In June — eight days before the county’s civil grand jury released a scathing report on CFS — the Attorney General’s Office announced its Bureau of Children’s Justice division was investigating allegations of systemic failures and cover-ups in the department that led to children repeatedly being placed into abusive foster homes in which they died or were severely abused.
County officials already met with representatives at the Attorney General’s Office, and in April retained the services of Hueston’s Los Angeles law firm, Hueston Hennigan LLP.
To date, the county has spent more than $179,000 on the services of Hueston and his team of attorneys and paralegals. On Tuesday, the Board of Supervisors will consider a contract with Hueston’s firm to assess the county’s child welfare services system and submit reports and recommendations to County Counsel. Hueston and his attorneys would be paid a rate of $575 per hour and paralegals $235 per hour, according to the proposed contract.
The scope of the Attorney General’s investigation is assessing and evaluating CFS policies and practices over a five-year period, as well as all documentation prepared by CFS during thatperiod, according to a staff report prepared for county supervisors.
“Hueston Hennigan is essentially conducting an assessment that would mirror that of the AG so the county can efficiently respond to any questions the AG might have or any additional information the AG might need,” county spokesman David Wert said in an email Monday.
Representatives from the Attorney General’s Office did not respond to emails or a telephone call Monday seeking comment.

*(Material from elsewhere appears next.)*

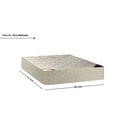 thumbnail image 6 of Continental Sleep, 14-Inch Firm Double sided Tight top Innerspring Mattress And 8-Inch Split Wood BoxSpring/Foundation Set With Frame, Good For The Back, Twin XL Size, 6 of 10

Hueston, one of the nation’s top litigators who successfully prosecuted Enron Corporation figures Kenneth Lay and Jeffrey Skilling for a slew of financial crimes including securities fraud, money laundering and insider trading, was retained by the county in January 2009 to investigate county Assessor Bill Postmus.

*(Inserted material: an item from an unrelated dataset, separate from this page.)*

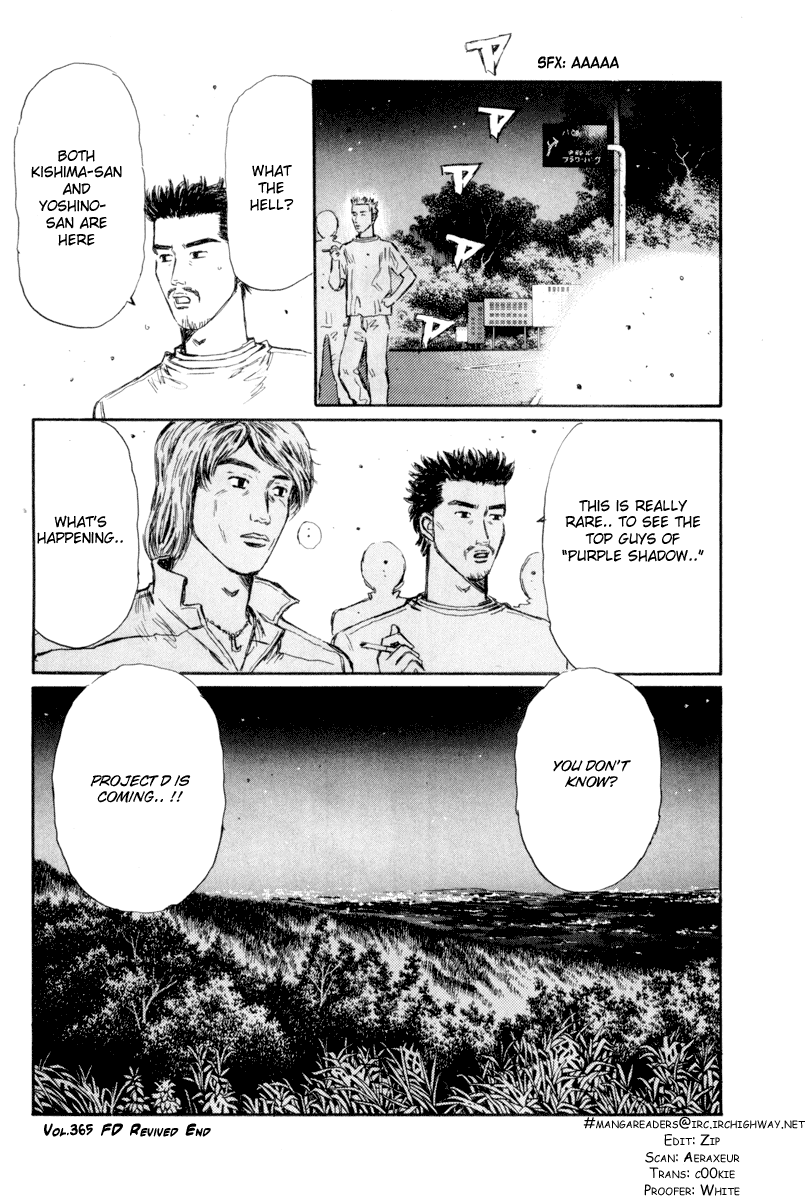 Initial D Chapter 365 page 14 - Chapter 365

Postmus came under fire by the county civil grand jury and District Attorney’s Office in 2008 for abusing his elected office for personal gain.
Hueston’s team produced a lurid report detailing an Assessor’s Office rife with malfeasance and an assessor addicted to methamphetamine, so much so that he came to work one day disheveled, blue in the face and foamy at the mouth.

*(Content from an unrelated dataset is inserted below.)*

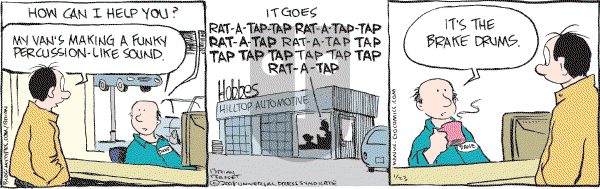 Adam@Home - Wednesday January 23, 2008 Comic Strip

The findings from Hueston’s investigation prompted the county to file a civil lawsuit against Postmus and four other office employees. Postmus and several of his colleagues he hired were also charged criminally, including former Rancho Cucamonga Councilman Rex Gutierrez and former Assistant Assessor Jim Erwin, now a defendant in the Colonies public corruption case, which sprang from the Assessor’s Office investigation.
Wert said in his email Monday that, due to the nature of the allegations that prompted the investigation into CFS and “far-reaching discovery requests,” which was “essentially every piece of paper generated by CFS in the last five years,” the county retained Hueston’s firm to ensure the Attorney General performs a “complete, accurate and fully supported investigation.”
“The county is confident that the Attorney General will find that Children and Family Services in general, and in particular the last five years, has consistently taken steps to improve its systems and operation to better serve the families of San Bernardino County, including the protection of at-risk children,” Wert said.CFS director Marlene Hagen said in a statement Monday she fully supports the county’s decision to retain Hueston’s services.
“Children and Family Services will continue to cooperate with the Attorney General in order to ensure a complete and thorough investigation is performed,” Hagen said.
She said her office continues to grow its ranks of social workers and provide them with the tools needed to perform their jobs.
“We are committed to always improving our systems and operations to better serve our children and families.” Hagen said.